I've been at polling places that were crowded and busy, but that's not the norm. Americans don't seem to value what people in newly-Democratic countries wait in line for days and risk their lives for: the right to choose their leadership. I've done voting drives in high schools, junior colleges and trade schools. I've registered relatives, friends and total strangers. And despite their attempts to discover my personal beliefs, I've told teenagers who spout slogans and sound bites at me from both sides, that I'm okay with their vote possibly cancelling mine, as long as they don't just think what they are told to. I advise them to learn what the issues are and what each candidate proposes to do about them, and to make their own mature decisions now that they are legally adults.
We learn much in school about the fight for equality for African Americans, who fought too long and hard for their rights to vote, to allow newly-designed voting restrictions to keep them away now. I wish schools also taught about how long and hard the battle was for women. Even the white wives of the men who ran things were told they weren't capable of thinking about such complex issues. The arrests, the forced-feedings, the beatings...all of that was endured to ensure that each and every one of us has the right to speak our mind at the ballot box.

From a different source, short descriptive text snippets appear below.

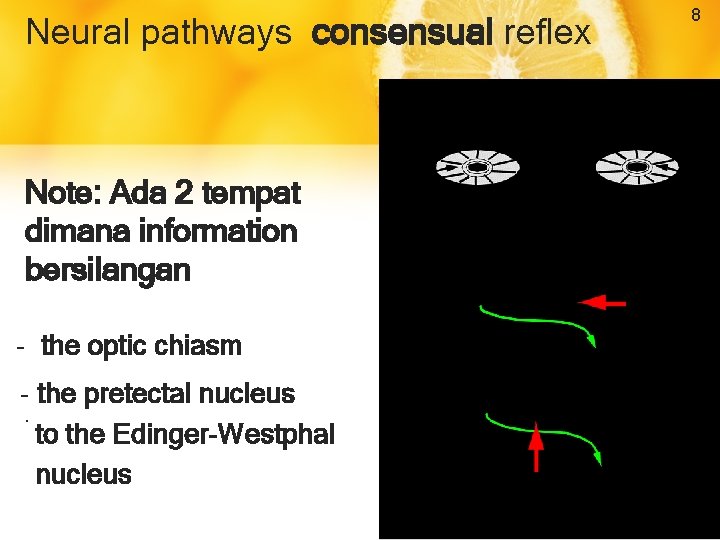 Neural pathways consensual reflex Note: Ada 2 tempat dimana information bersilangan - the optic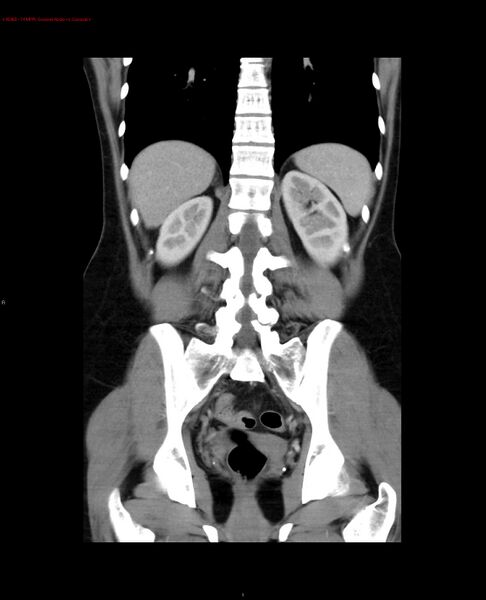 File:Acute gastritis (Radiopaedia 21043-20975 Coronal C+ portal venous phase 4).jpg
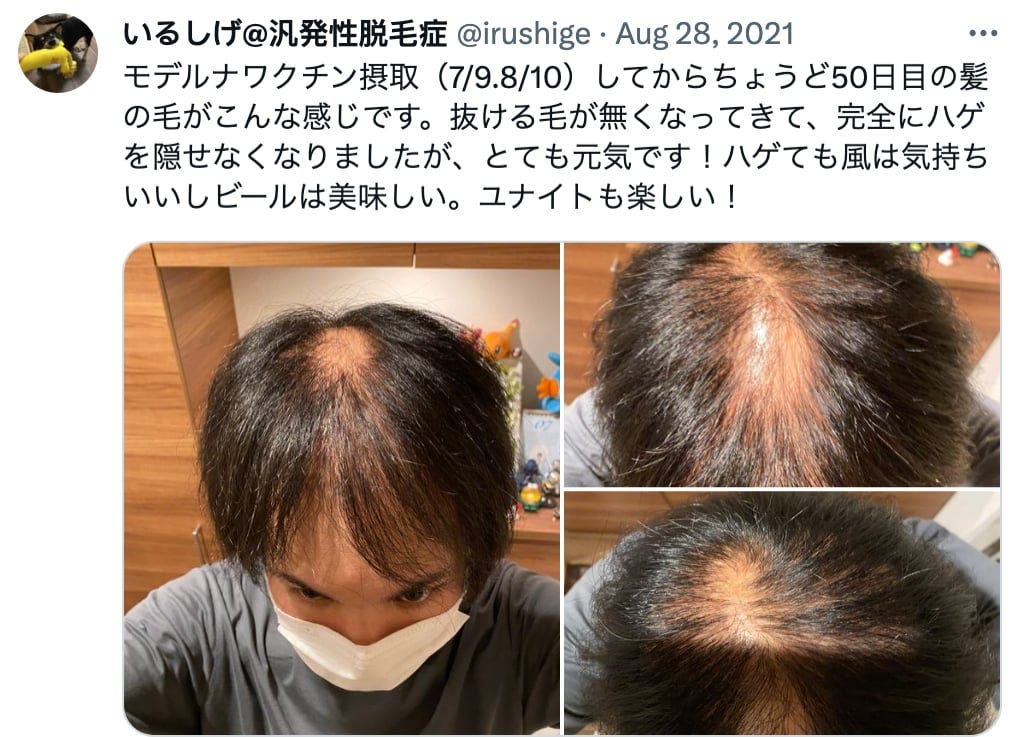 50th day after vaccination. (irushige/Twitter)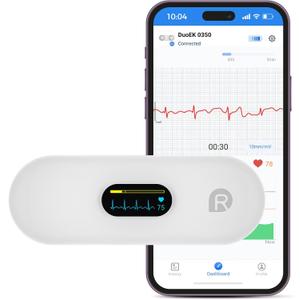 Portable Heart Rate Monitor, Wireless Home Use Heart Rhythm Tracker, Heart Monitoring Devices,Smartphone App Compatible with iOS/Android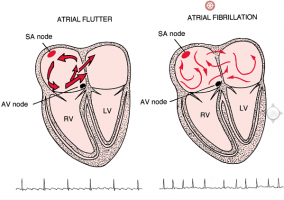 Atrial Flutter - Ảnh minh họa 3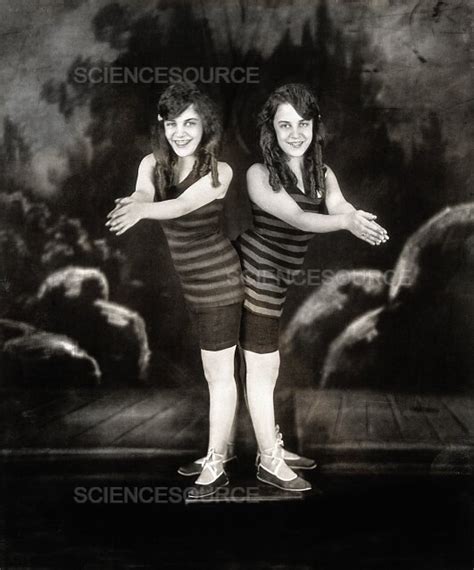 Photograph Daisy And Violet Hilton Conjoined Twi Science Source Images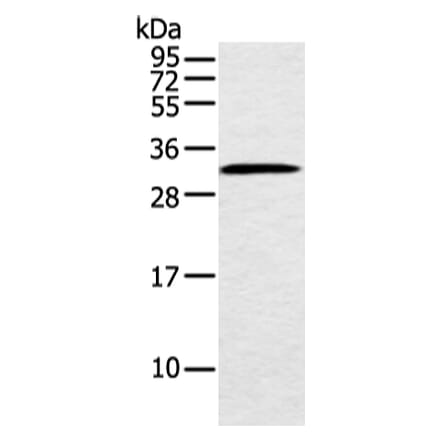 MED6 Antibody from Signalway Antibody (42787) - Antibodies.com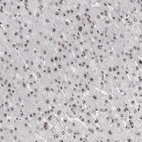 Immunohistochemical staining of human liver shows strong positivity in nucleoli in hepatocytes.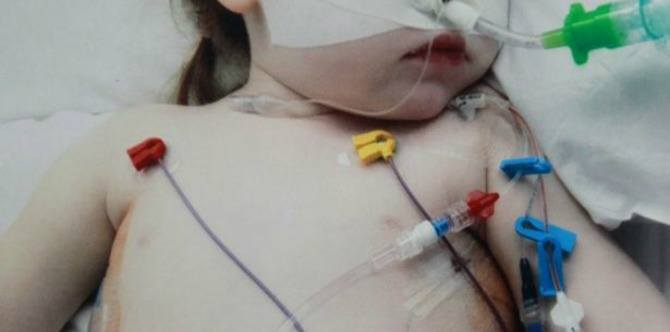 Swallowed Battery Burns Hole Through Toddler’s Lung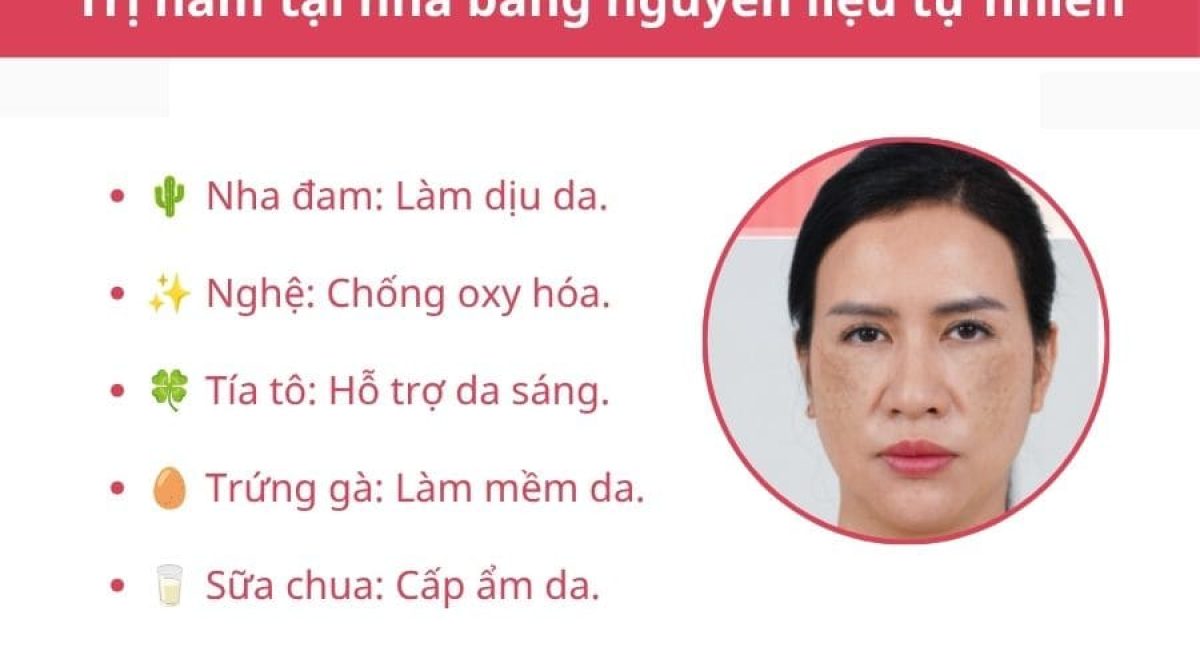 Tổng hợp cách trị nám da hiệu quả: Tự nhiên, mỹ phẩm, công nghệ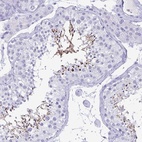 Anti-BPIFA3 Antibody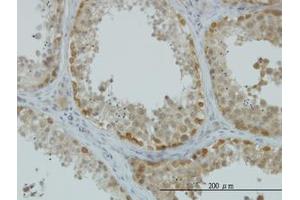 Image no. 7 for anti-ArsA Arsenite Transporter, ATP-Binding, Homolog 1 (ASNA1) (AA 239-349) antibody (ABIN598547) (ASNA1 Antikörper  (AA 239-349))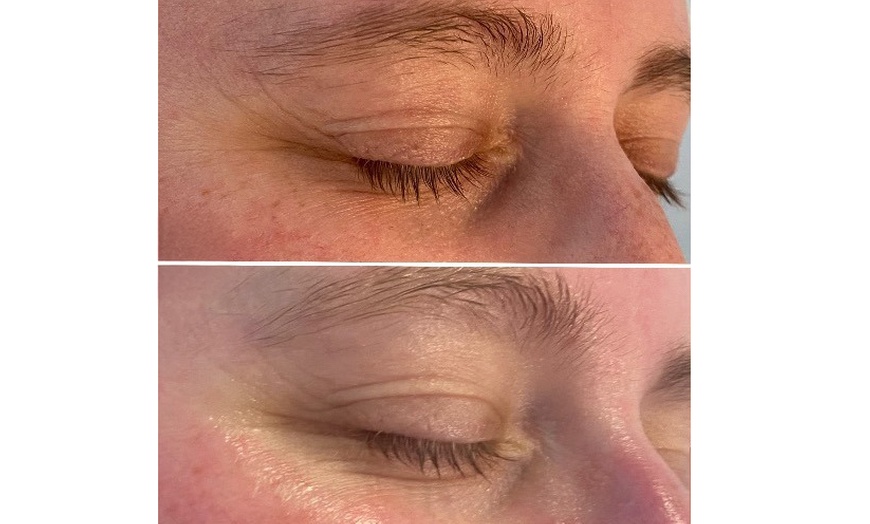 Image 2: Microneedling-Behandlung oder Enzym-Lifting-Paket für 1 Person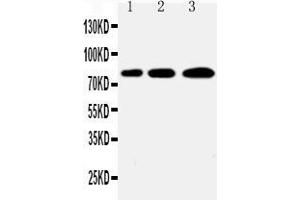 Western blot analysis of PLK2/Snk using anti- PLK2/Snk antibody .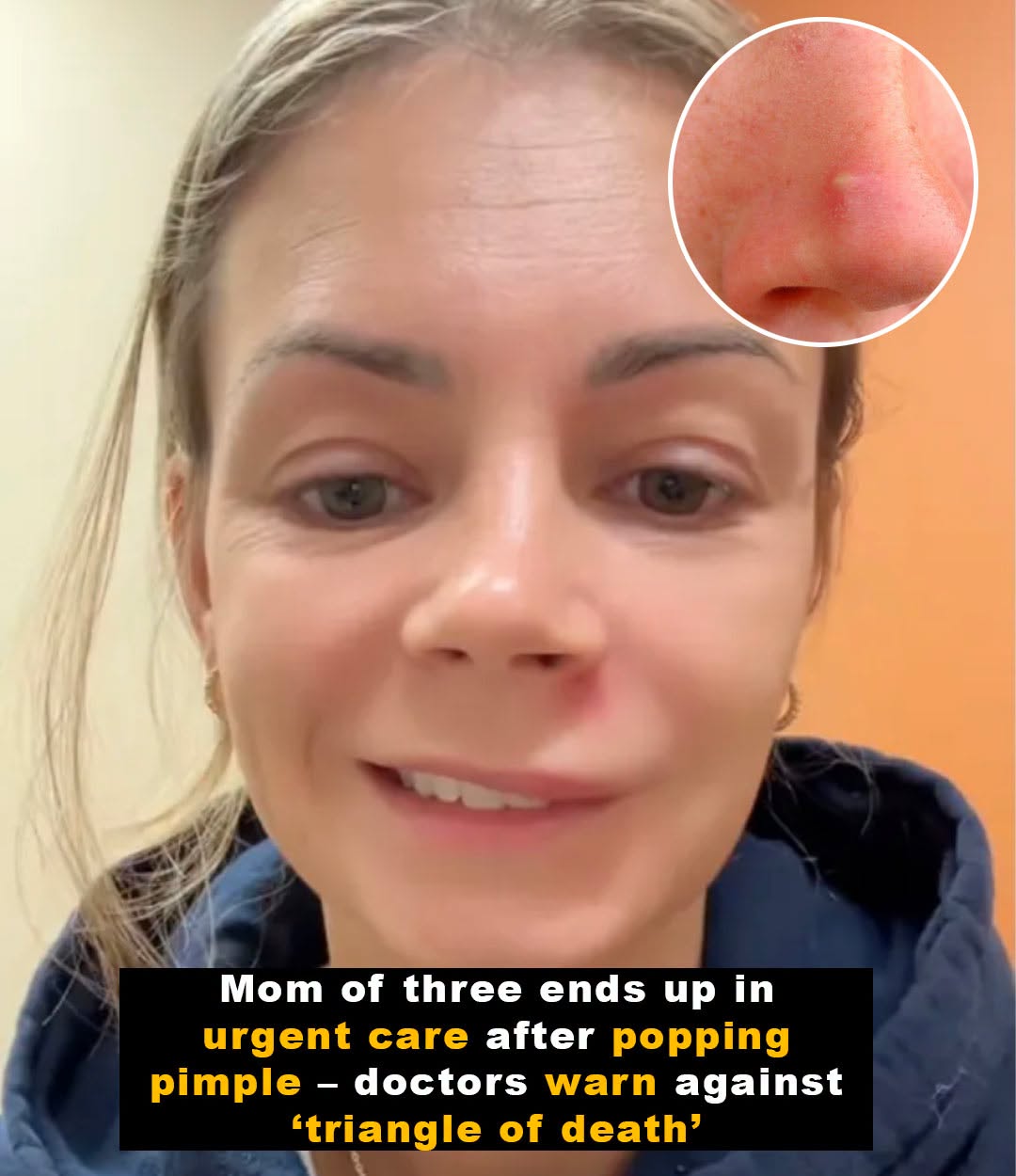 Doctors warn of popping pimple in ‘triangle of death’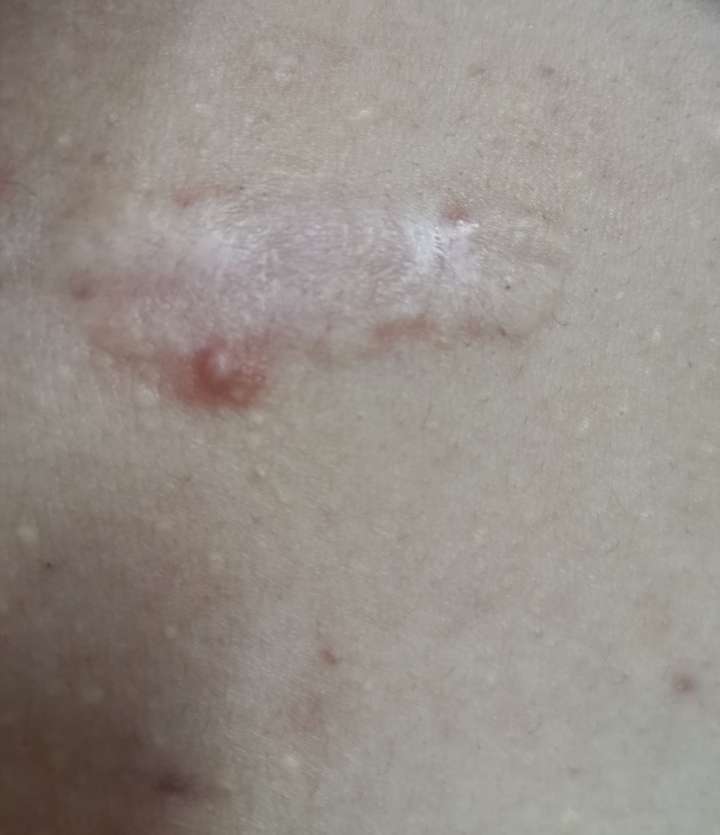 但我胸前还是会长痘,感觉随时还会再来一个疤痕(ノДt) 我是个很懒的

The polls are open in most states from 7am to 7pm. If you can't squeeze time into your day, fill out an absentee ballot form and vote from home. Or contact your local Election Commission and ask them how you can vote there in person. In my state it can be done the first couple of weeks in the month prior to the election.But use the rights that others fought for and won for us.
I'll close with a quote from Alexis de Tocqueville: "In a Democracy, the people get the government they deserve." Please vote and ensure that we do.
Note: I usually don't preach at you. I try to entertain you with realistic contemporary romances.